▶ [Data entries]
━━━━

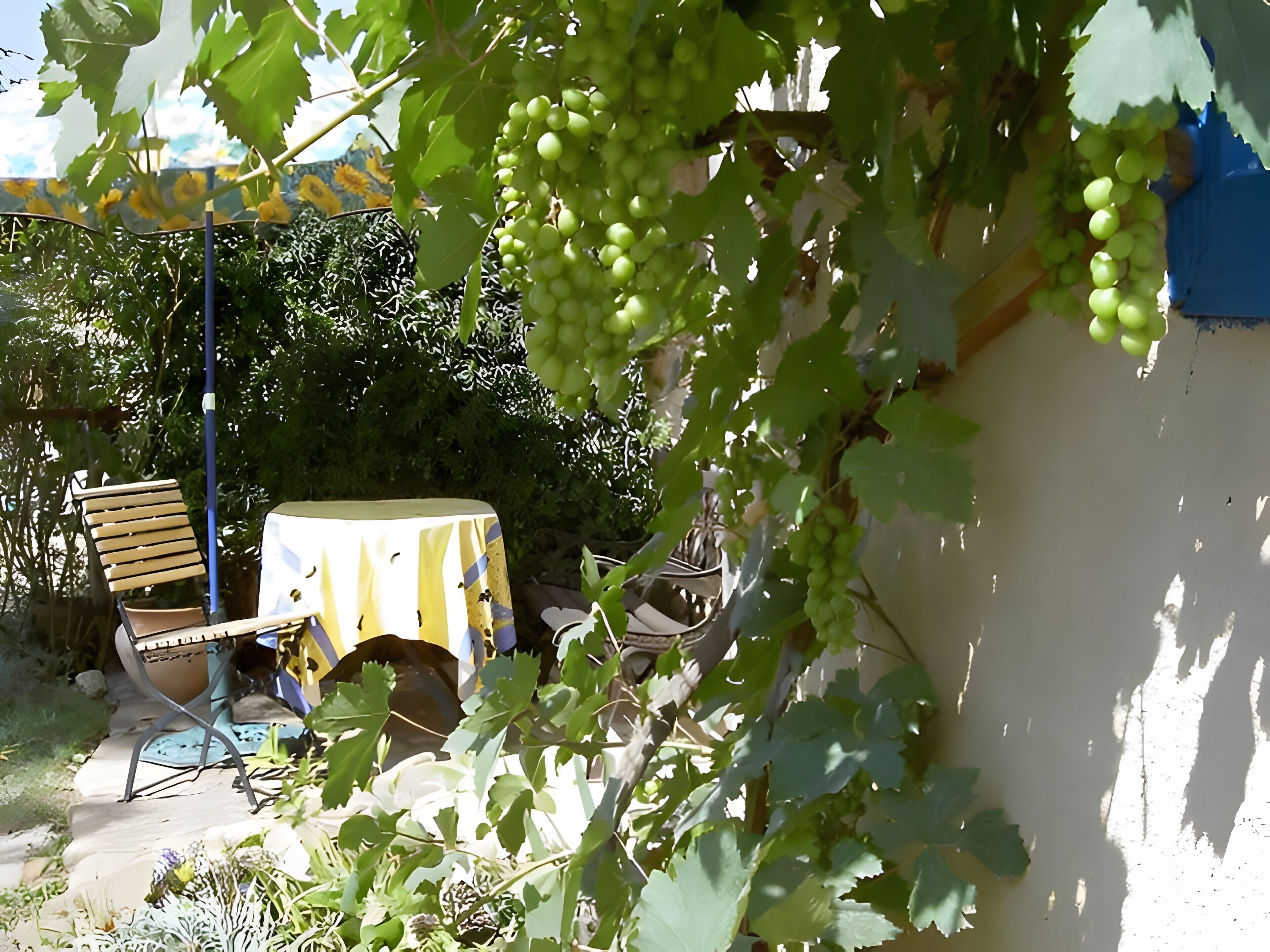 Un jardín con una mesa y sillas, un banco de madera y una pared con pintura descascarada.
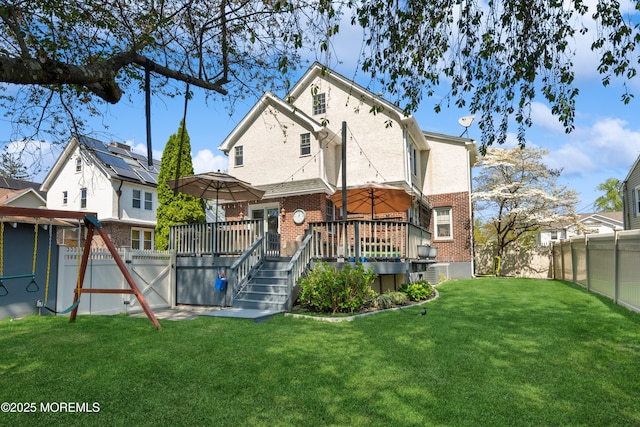 rear view of house featuring a yard, brick siding, a wooden deck, and a fenced backyard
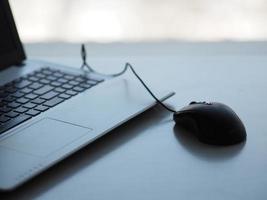 notebook with mouse on the table photo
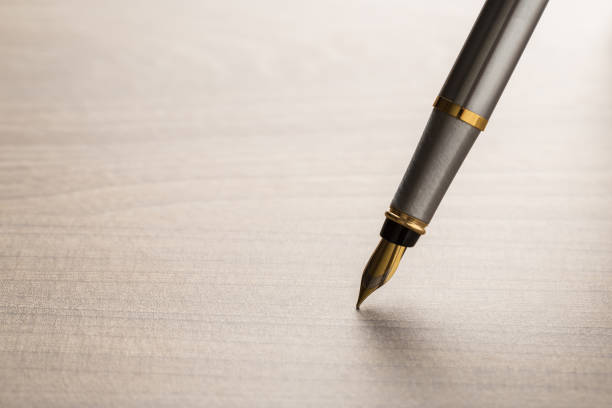 istock fountain pen on wooden table 1134159035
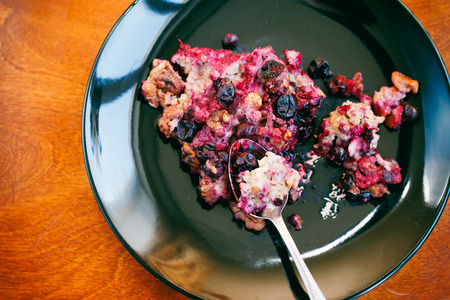 baked oatmeal with blackcurrant and walnut on black plate, tonedの写真素材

━━━━

▶ [Activity]
Every line from the one with "istock fountain pen" to the end of the records above should be restated word for word, and no picture belongs in the copy.

▶ [Answer for this exercise]
 istock fountain pen on wooden table 1134159035
 baked oatmeal with blackcurrant and walnut on black plate, tonedの写真素材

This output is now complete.